I'm Very Blessed
Gerald Rozenboom and his wife were having a nice evening enjoying a gospel music performance when they found themselves heading to the emergency department at Pella Regional Health Center.
Gerald had wanted to leave the show early because he wasn't feeling well. Soon after, he started to lose the feeling in his side. His wife, Geneva, took him to the emergency department immediately with a feeling that her husband was having a stroke. "I was terrified. I shook the whole way to the hospital," Geneva remembers.
"They gave me a clot-buster medicine there in Pella and transferred me to Iowa City," said Gerald. "The doctor in Iowa City told my family that if I made it through the night I had a chance."
Gerald spent time recovering in Des Moines, then in skilled care at Pella Regional. In fact, he spent a total of 13 weeks in hospitals before going home. Then he continued with home care and then outpatient therapy. "I think it was about a year of therapies before it was all said and done," said Geneva.
Along with physical and occupational therapy, Gerald also worked with Tara Leidigh, speech therapist at Pella Regional.

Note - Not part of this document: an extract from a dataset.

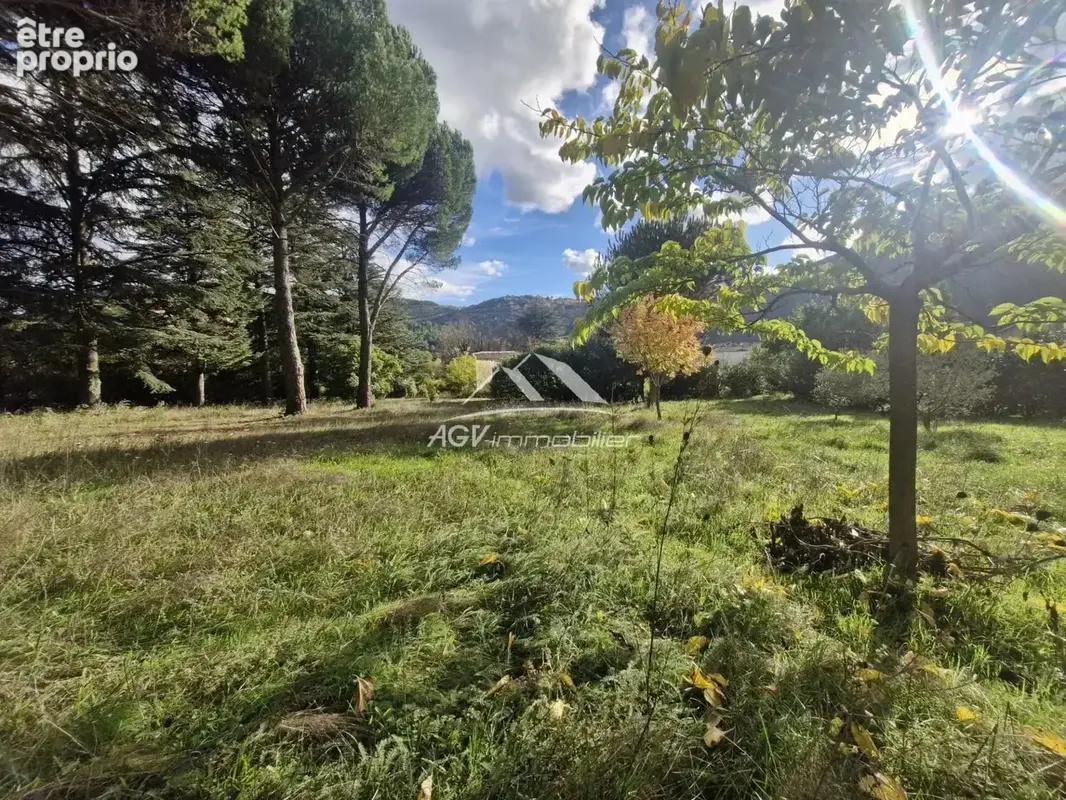 Proche Des Mages une parcelle de terrain constructible 3100 m² - photo 9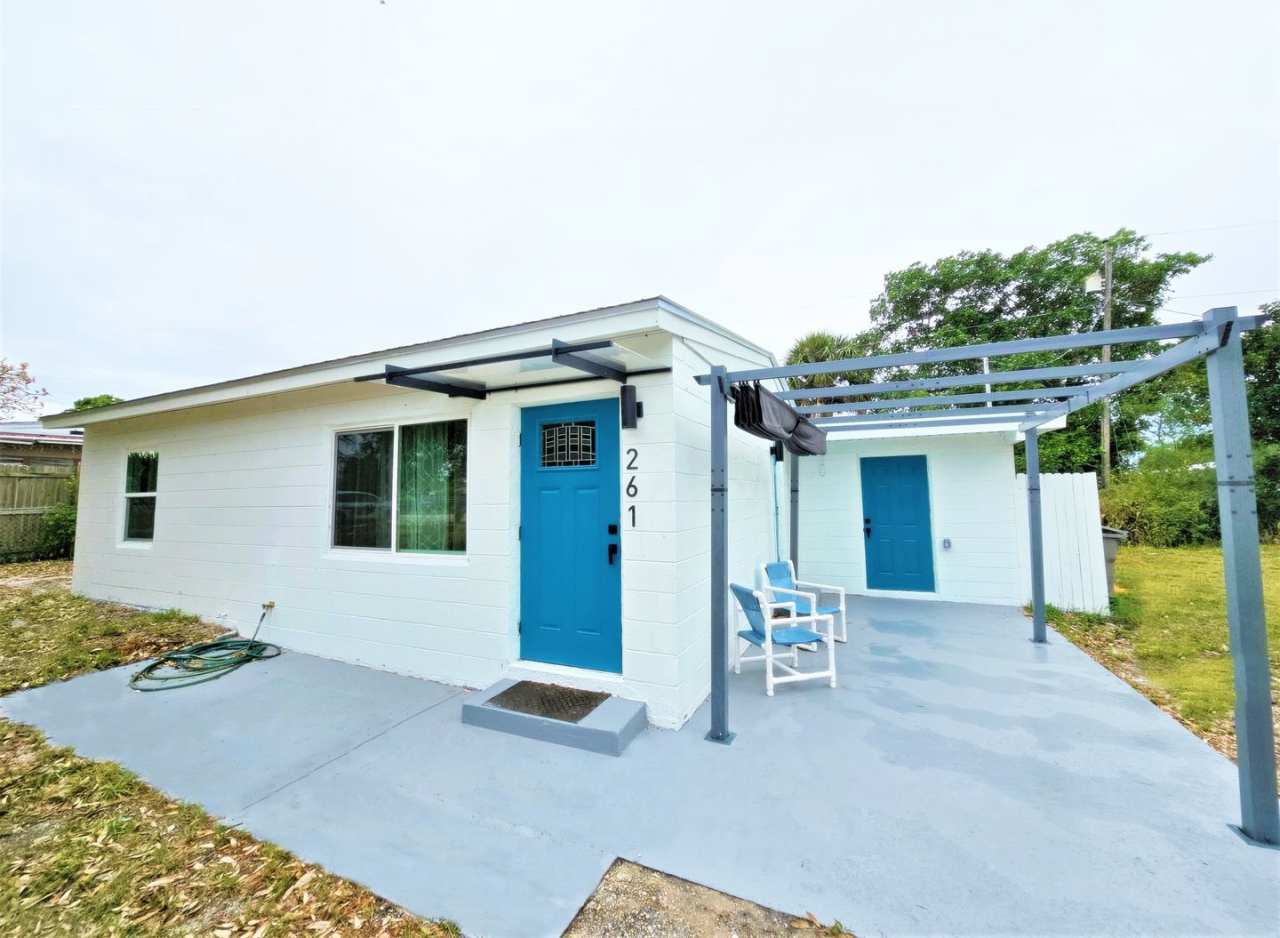 Real Estate and Property Management Company - Vero Beach Rent LLC.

In speech therapy he worked on his cognitive skills and left-side neglect.
Left-side neglect is a common effect of stroke. It can be described as a lack of awareness of that side, leading stroke survivors to ignore or forget about people or objects that are on their left sides.
Specific exercises and alterations to the patient's environment are practiced in speech therapy, such as finding an article in the newspaper that is on the left hand side. "I learned to work around it and know that when something is on the left I have to be much more aware. When I'm driving and get to a stop sign I look two times to be sure," said Gerald.
"My problem wasn't that I couldn't speak. I could speak plainly," said Gerald. "I'd always been a whiz with arithmetic and I couldn't do that anymore. I couldn't make change anymore; simple things like that. By the end of speech therapy, it got to the point where I was getting as good as Tara," Gerald laughs.
"Looking back, the experience was good. It's hard work. But Tara helped me a ton. First at home, then when I went into the hospital. The therapists, all of them, they never had a crabby day," said Gerald. "They'd get bossy with me at times, but I needed it. I got to be friends with all of these people. I appreciate that. They are all terrific people," said Gerald.
Gerald also attributes his ongoing health to the monthly stroke support group at Pella Regional. "I go to the stroke support group now. I don't miss it if I don't have to. We share with each other and support each other with issues we are dealing with," said Gerald. "I've learned that a stroke is a stroke and it affects everyone in some way. It doesn't really matter what it looks like on the surface."
"Disappointments and blessings is what came from all of this," said Gerald. "If I hadn't had a stroke I'd never have known what it was like to lay in bed and not do anything. But there are good things too. I never had fewer than four people visit me in one day the whole 13 weeks I was in the hospital. My friends, my family was very supportive, and my church family was awesome. I am very blessed. I have a story to tell and I can hardly believe it myself. As far as I'm concerned, it's everyone's prayers for me that did it."